Source material:
- - - - -

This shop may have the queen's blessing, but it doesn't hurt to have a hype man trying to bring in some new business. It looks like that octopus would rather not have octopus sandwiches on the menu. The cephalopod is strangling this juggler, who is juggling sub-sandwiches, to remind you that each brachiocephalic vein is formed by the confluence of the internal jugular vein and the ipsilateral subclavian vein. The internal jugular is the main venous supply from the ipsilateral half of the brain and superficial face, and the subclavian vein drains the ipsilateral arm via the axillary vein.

- - - - -

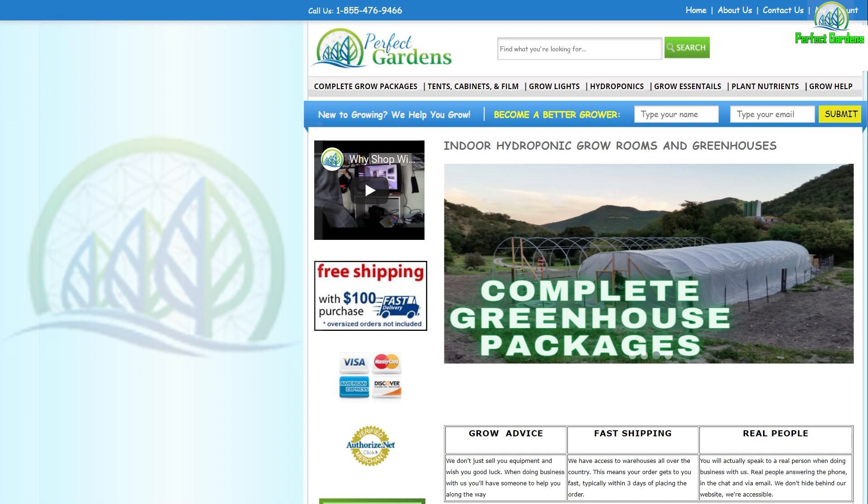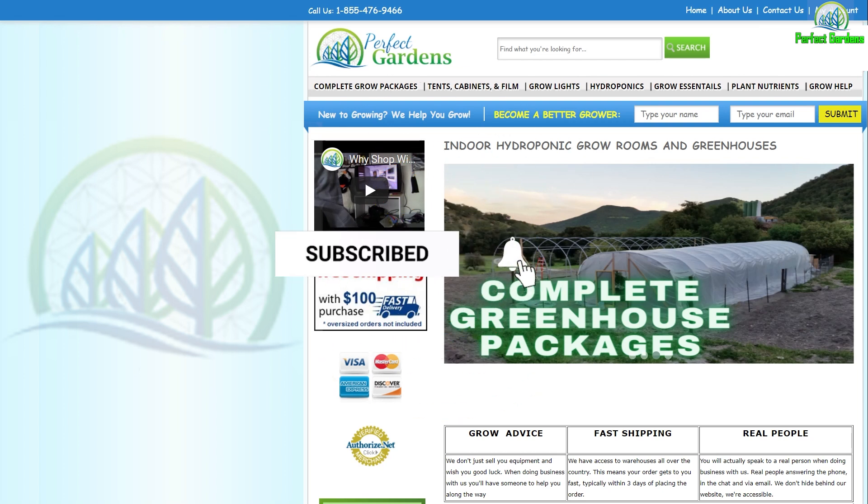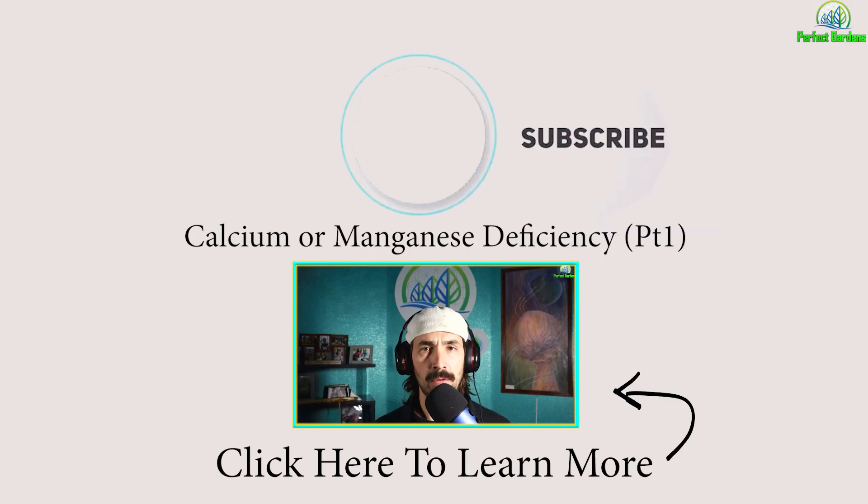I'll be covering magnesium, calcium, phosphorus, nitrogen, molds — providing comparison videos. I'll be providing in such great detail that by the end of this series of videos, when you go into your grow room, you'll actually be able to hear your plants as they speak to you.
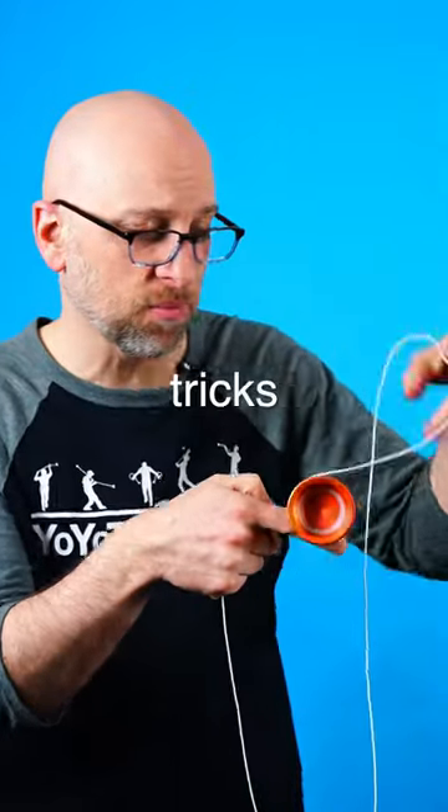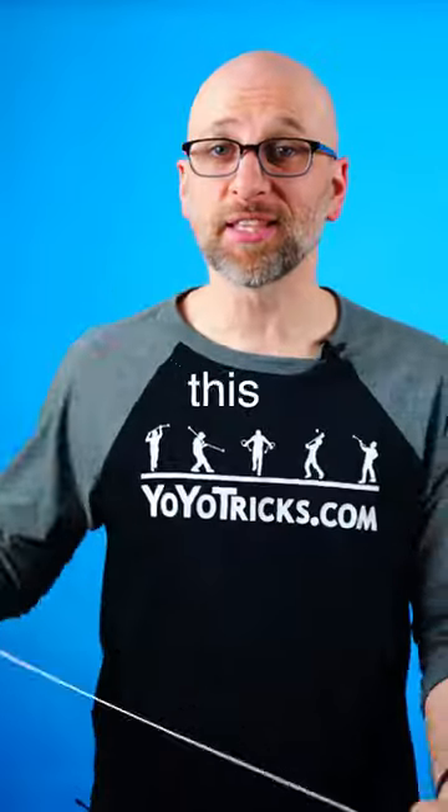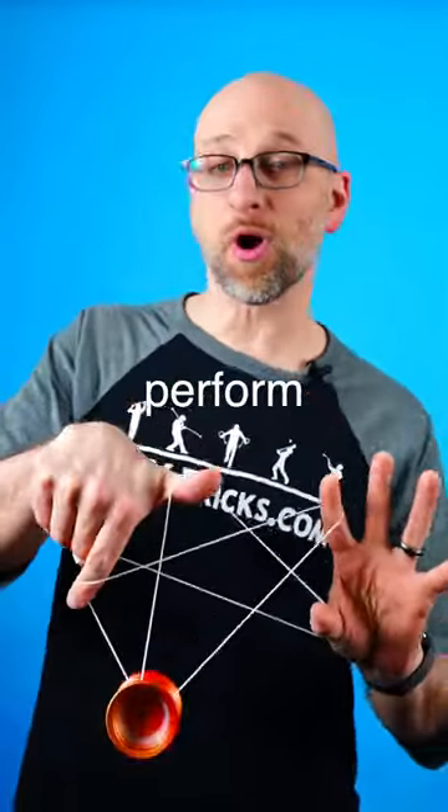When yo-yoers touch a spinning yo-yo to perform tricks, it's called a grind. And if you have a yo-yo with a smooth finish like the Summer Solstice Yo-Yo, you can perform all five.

- - - - -

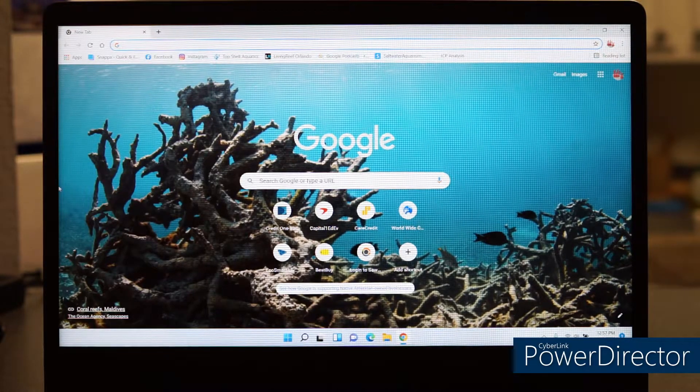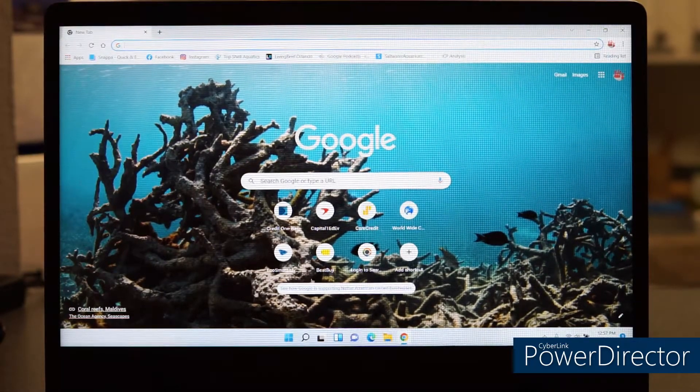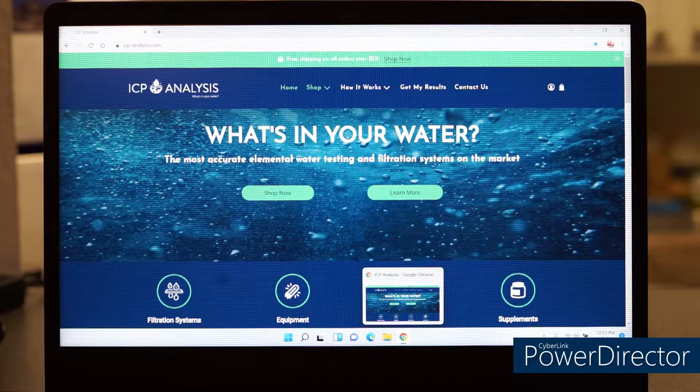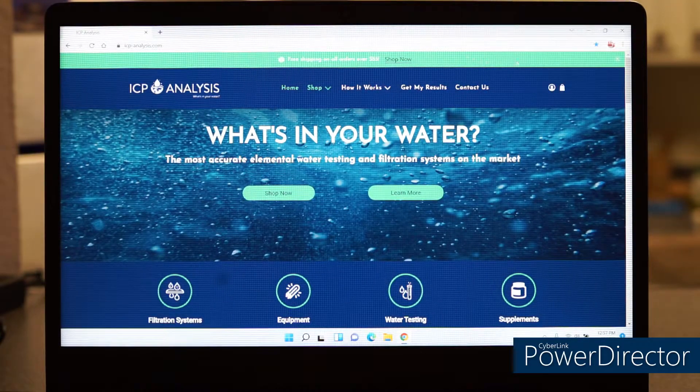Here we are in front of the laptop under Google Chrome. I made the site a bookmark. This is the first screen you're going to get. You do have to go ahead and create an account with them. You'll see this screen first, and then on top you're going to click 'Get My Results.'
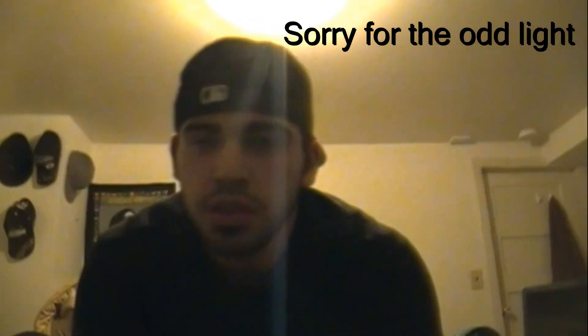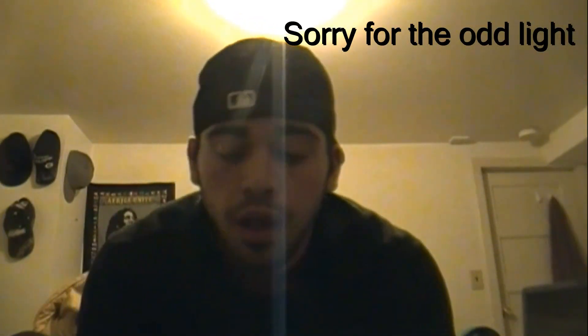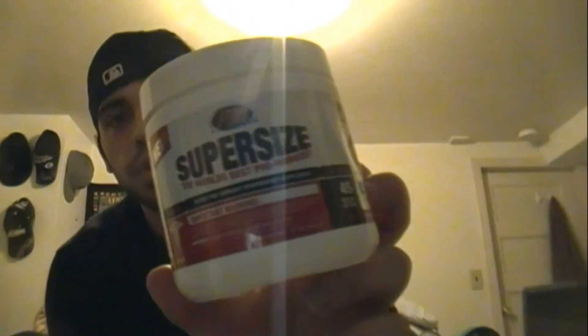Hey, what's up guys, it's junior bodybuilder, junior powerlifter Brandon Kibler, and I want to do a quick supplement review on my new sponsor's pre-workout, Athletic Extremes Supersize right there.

- - - - -

Work to complete:
In the listing above, find the line with "Here we are" and the line with "Hey, what's up". Set down both and every line between them, minus the pictures.

Output of the exercise:
Here we are in front of the laptop under Google Chrome. I made the site a bookmark. This is the first screen you're going to get. You do have to go ahead and create an account with them. You'll see this screen first, and then on top you're going to click 'Get My Results.'
Hey, what's up guys, it's junior bodybuilder, junior powerlifter Brandon Kibler, and I want to do a quick supplement review on my new sponsor's pre-workout, Athletic Extremes Supersize right there.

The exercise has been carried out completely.